Quote exactly, and only, the lines of the material below from the line with "Постер My Country No More" through the line with "Apartamento Del Toyo Almería Exterior foto".

Data to process.
+++

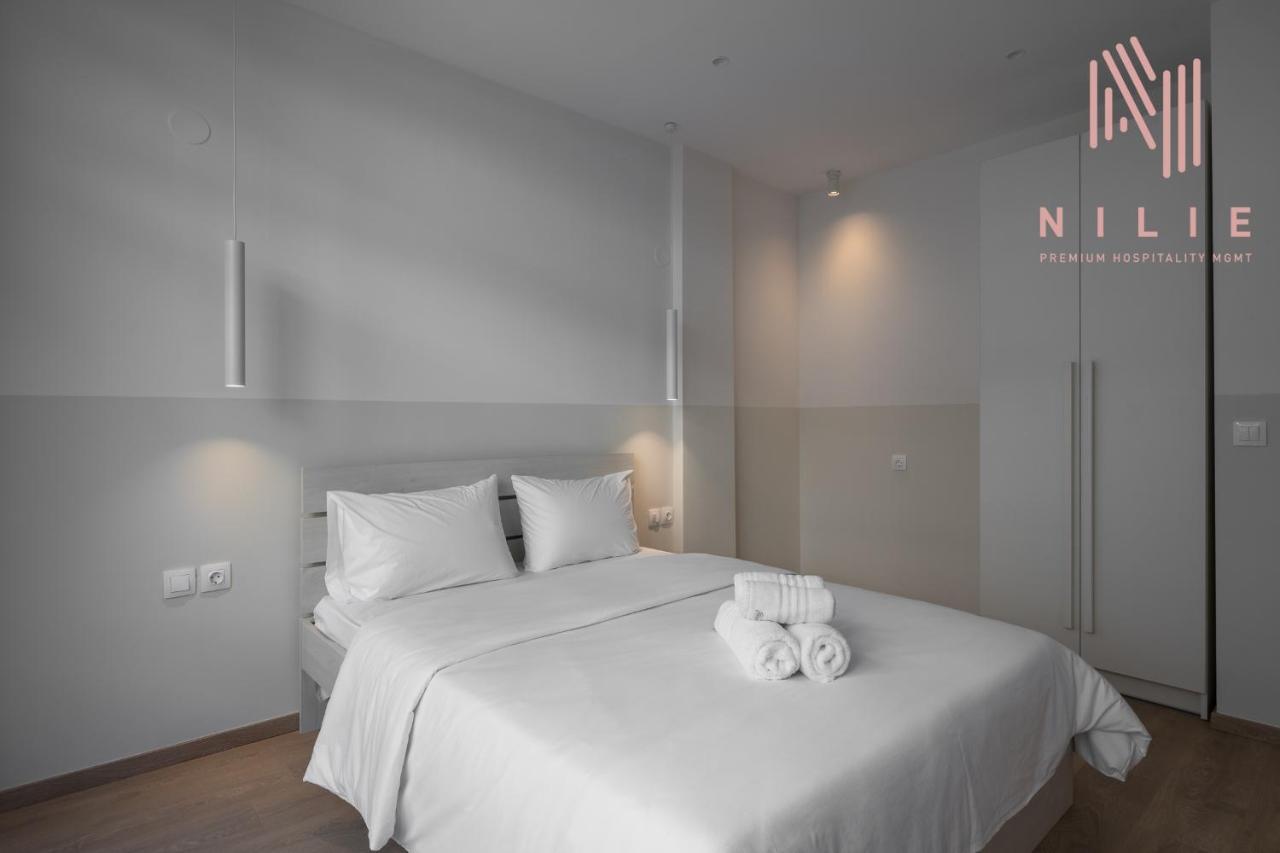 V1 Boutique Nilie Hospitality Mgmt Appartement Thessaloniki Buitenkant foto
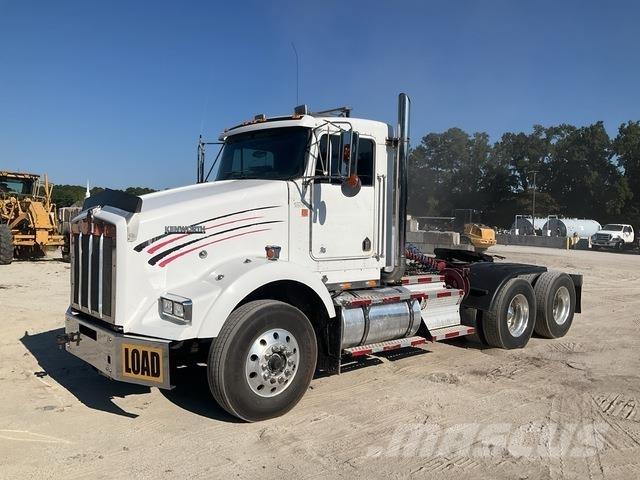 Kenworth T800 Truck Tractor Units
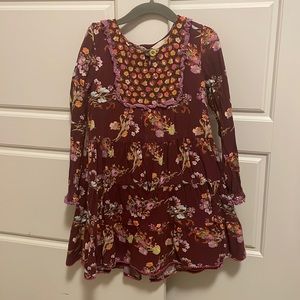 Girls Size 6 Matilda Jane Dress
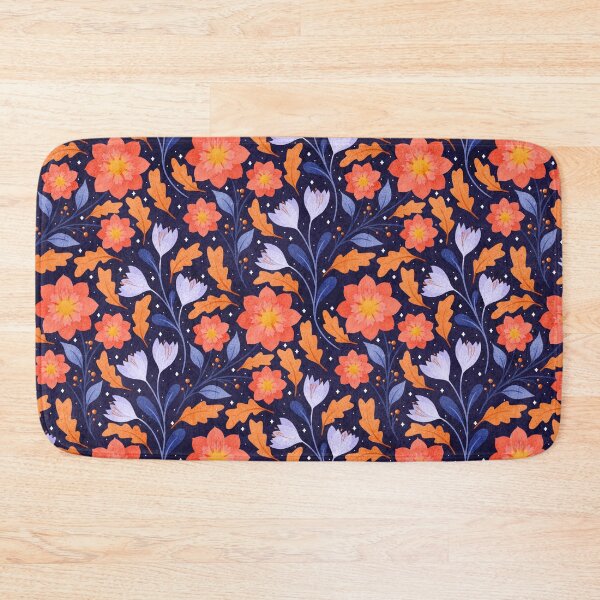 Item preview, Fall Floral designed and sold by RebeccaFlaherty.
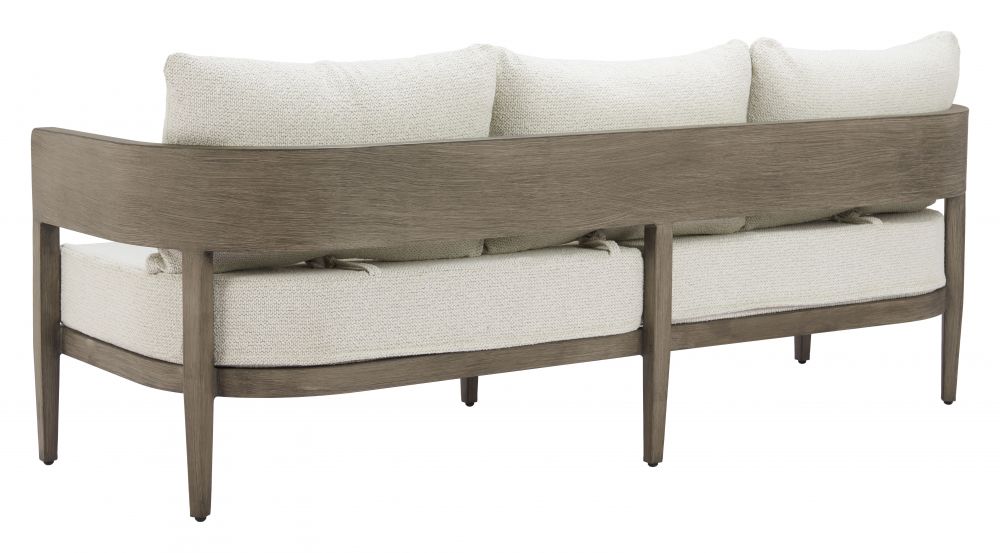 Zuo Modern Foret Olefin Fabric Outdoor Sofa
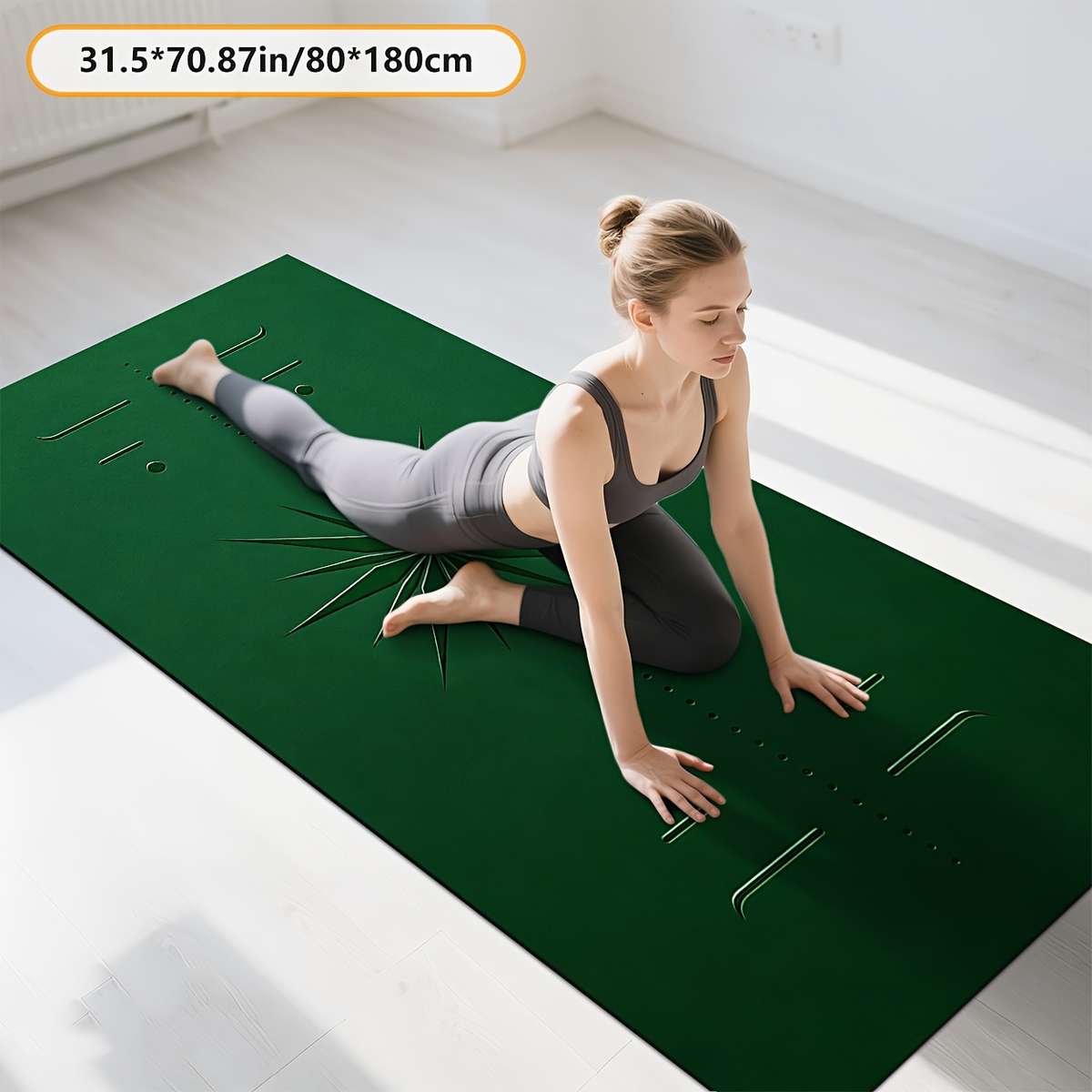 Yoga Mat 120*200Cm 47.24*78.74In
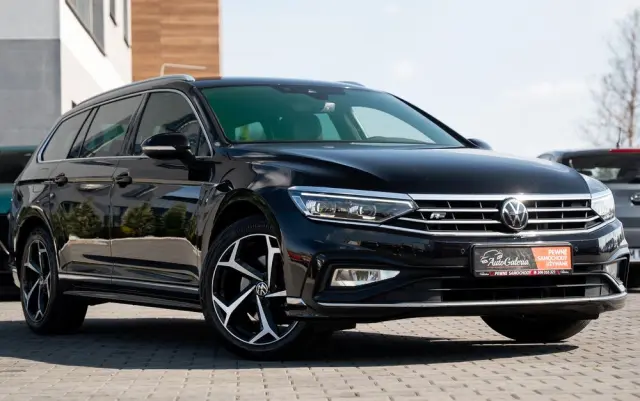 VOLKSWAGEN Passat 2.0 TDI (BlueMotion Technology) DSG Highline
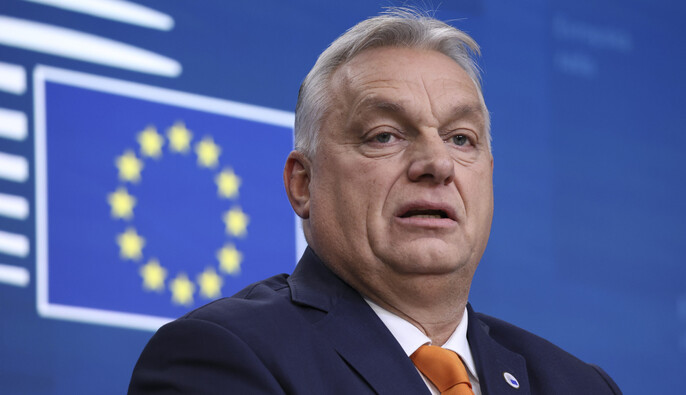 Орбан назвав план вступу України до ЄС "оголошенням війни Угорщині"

+++

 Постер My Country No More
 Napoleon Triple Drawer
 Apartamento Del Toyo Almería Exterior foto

+++

Answer section.
 Постер My Country No More
 Napoleon Triple Drawer
 Apartamento Del Toyo Almería Exterior foto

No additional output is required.